▸ About this exercise:
For the word "para", count the lines below that contain it. Give the number alone.

▸ Given data:
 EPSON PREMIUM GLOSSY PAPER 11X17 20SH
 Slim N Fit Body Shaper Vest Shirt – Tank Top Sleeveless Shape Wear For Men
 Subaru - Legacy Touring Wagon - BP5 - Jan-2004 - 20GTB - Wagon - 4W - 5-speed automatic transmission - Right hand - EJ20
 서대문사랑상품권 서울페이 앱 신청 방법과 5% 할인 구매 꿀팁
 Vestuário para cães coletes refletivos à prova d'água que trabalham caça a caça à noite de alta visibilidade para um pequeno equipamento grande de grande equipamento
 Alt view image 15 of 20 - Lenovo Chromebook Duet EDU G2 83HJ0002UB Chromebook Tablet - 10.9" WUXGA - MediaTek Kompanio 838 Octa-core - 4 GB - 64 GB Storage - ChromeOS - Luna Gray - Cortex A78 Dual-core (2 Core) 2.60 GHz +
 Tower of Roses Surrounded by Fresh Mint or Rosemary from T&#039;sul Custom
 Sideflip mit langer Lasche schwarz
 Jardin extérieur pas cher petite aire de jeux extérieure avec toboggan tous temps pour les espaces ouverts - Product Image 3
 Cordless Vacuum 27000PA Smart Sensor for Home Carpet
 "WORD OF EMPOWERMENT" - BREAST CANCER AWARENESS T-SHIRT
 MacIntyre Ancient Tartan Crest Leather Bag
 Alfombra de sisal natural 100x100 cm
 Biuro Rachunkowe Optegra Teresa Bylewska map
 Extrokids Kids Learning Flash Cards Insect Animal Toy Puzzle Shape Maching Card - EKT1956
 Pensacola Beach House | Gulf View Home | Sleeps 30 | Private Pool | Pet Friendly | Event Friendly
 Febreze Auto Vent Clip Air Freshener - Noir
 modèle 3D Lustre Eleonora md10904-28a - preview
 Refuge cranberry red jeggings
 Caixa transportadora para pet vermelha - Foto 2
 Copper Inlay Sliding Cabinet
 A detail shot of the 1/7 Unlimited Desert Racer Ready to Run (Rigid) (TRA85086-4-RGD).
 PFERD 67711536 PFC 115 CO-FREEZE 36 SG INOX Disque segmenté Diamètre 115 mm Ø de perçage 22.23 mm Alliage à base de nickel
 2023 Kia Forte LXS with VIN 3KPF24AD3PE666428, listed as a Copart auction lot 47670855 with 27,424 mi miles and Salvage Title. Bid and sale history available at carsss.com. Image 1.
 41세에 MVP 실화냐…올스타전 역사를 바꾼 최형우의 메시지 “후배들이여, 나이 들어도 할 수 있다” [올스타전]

▸ Result for this task:
2